Oct 29 was a momentous day for Malaysian public health, following the court’s decision to reaffirm a nationwide smoking ban in restaurants which came into force this year, after it was challenged by a group of smokers who claim their constitutional rights had been violated.
For Health Minister Dzulkefly Ahmad and other health advocates, the decision reaffirms an important point: that health is, in the Federal Constitution, an important human right.
Human rights is a difficult topic in our highly charged political climate.
Although everyone is pretty much on board with the idea of human rights as being universally inherent, inalienable and inviolable rights for all man, not many countries agree on the definition and context of these rights.
It was the French Revolution that first kicked off the concepts of liberty, equality and fraternity.
Today, these form the core of what is termed as human rights – the right to life, the right to liberty, security of individuals, freedom to assemble, freedom of association, and freedom of religion.
Expansion of these rights which emerged later includes the right to employment, housing and equal wages. Today, concepts included into human rights include group and collective rights, the right to self-determination, the right to environment and the right to development.
So when did health get added to the mix?
The UN’s Universal Declaration of Human Rights in 1948 provides that “everyone has the right to a standard of living adequate for the health and wellbeing of himself and his family including food, clothing and medical care.”
This document sees health as an essential human right, and has been so for more than seven odd decades or so.
But what do we mean when we say that health is a human right, especially in the Malaysian context?
Accepting that health is human right means that the government must ensure that all Malaysians have the right to the highest attainable standard of physical and mental health.
They must be able to access quality healthcare, available to all equitably as and when needed, as well as sanitation, adequate food, decent housing, healthy working conditions and a clean environment.

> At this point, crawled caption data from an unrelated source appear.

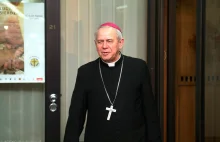 86-letni biskup pod ochroną Ziobry. Krył księdza pedofila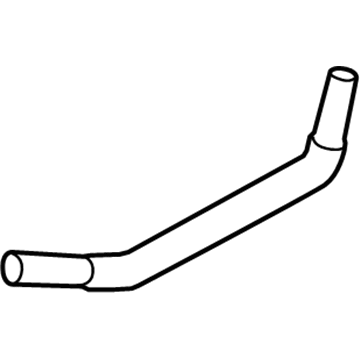 Lexus G1273-48010 Hose, Motor Cooling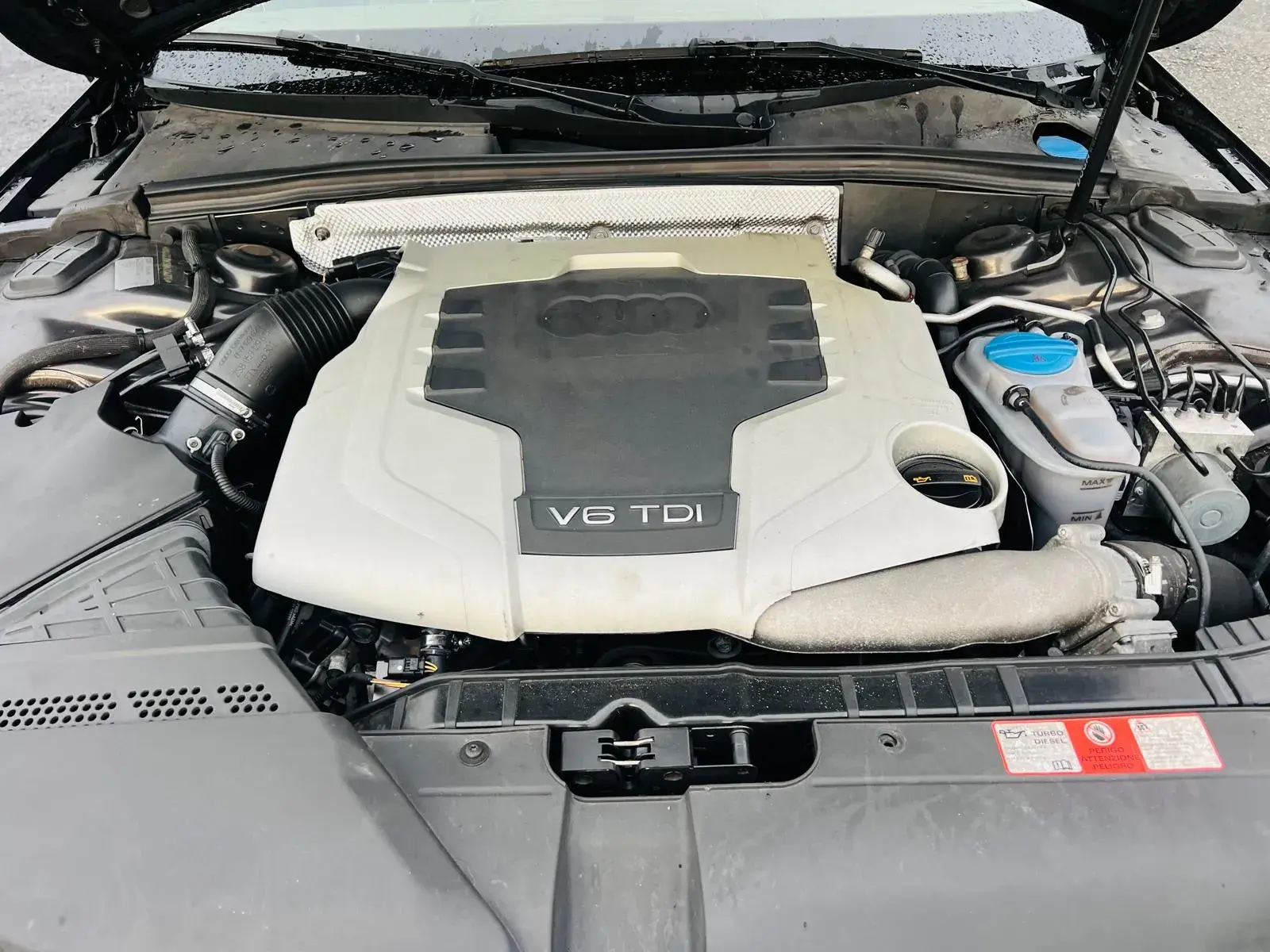 Audi A4 2.7 TDi V6 Exclusive Multitronic 40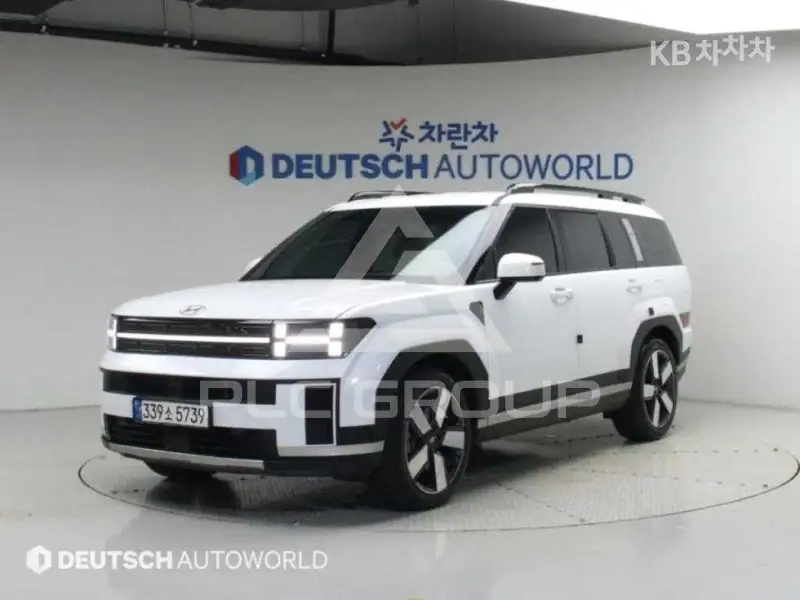 2024 Hyundai Santa Fe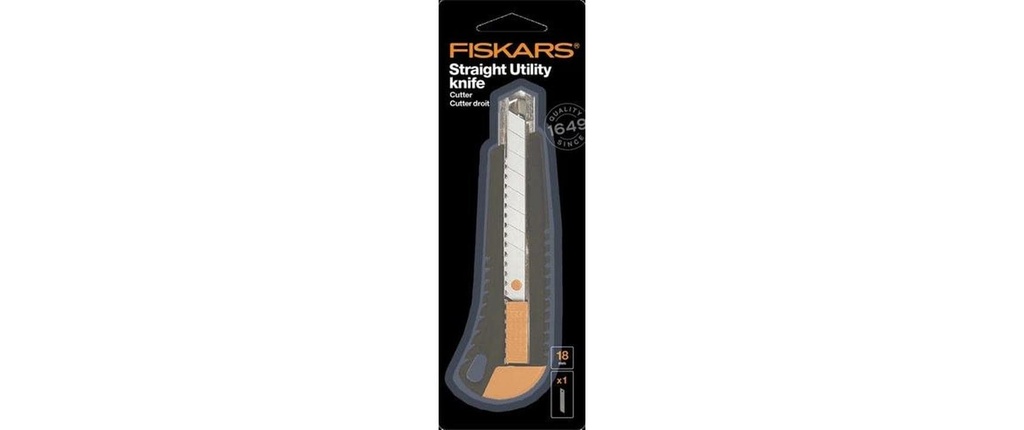 Fiskars Cutter 18 mm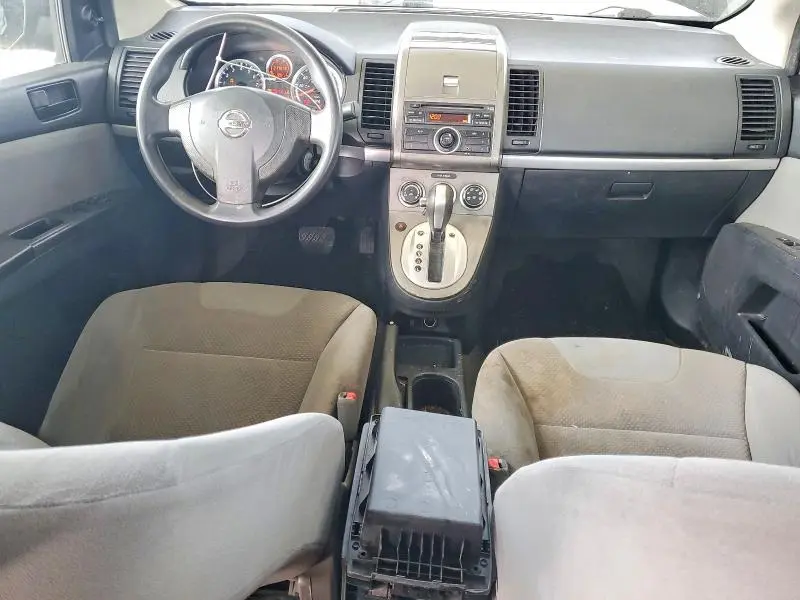 2012 NISSAN SENTRA 2.0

It was in the protection of the healthy environment that there occurred a clash between the alleged infringement of the smokers’ “individual” rights against the “right to health” in terms of providing a clean, healthy environment to all Malaysians.
The seven smokers challenged the ban for three reasons. Among them, they claimed the minister had exceeded his ministerial powers allotted to the role in declaring the ban.
They also said that their rights under Article 5 and 8 of the Federal Constitution were breached.
According to Article 5, no person may be deprived of life or personal liberty except in accordance with law, while Article 8 states that all persons are equal before the law and entitled to equal protection.
By prohibiting their right to smoke in restaurants, the smokers felt that these individual rights were being denied them and that they were being discriminated against.
Weighing against this was the Ministry of Health’s scientific rationale that smoking in public places constituted a greater danger to a larger part of the population, and that by instituting the ban, the greater public’s right to health was being protected.
How important are the rights of the individual then?
In health at least, our constitution is crystal clear. The drafters in their spirit and intent were strongly in favour of the greater good, i.e. public health far above the rights of any individual.
Take, for example, Article 9 where even the freedom of movement, one of the most basic rights, can be restricted by the government in the interest of public health.
Similarly, another fundamental right, the right to religious freedom, is assured under Article 11. Even this right cannot be exercised by ignoring public health. Did you know this?
This was the spirit alluded to by Justice Mariana Yahya in dismissing the application of the smokers.
Contrary to what the smokers alleged, she said their rights were not compromised as they could still smoke outside the three-metre stipulated radius from the restaurants and that there was no discrimination discernible between smokers and non-smokers in this regard.
The judge also mentioned that smokers and non-smokers had equal rights in terms of visiting and spending their time in food premises for as long as they wished. This was an important point, and one which most smokers choose to conveniently overlook.
The majority of Malaysians are not smokers. We have an equal amount of “rights” as do smokers.
The court has clearly spoken. The right to health for all Malaysians, including smokers, is the most important thing and is the law of the land.
In health especially, some rights are wrong.
The views expressed are those of the author and do not necessarily reflect those of FMT.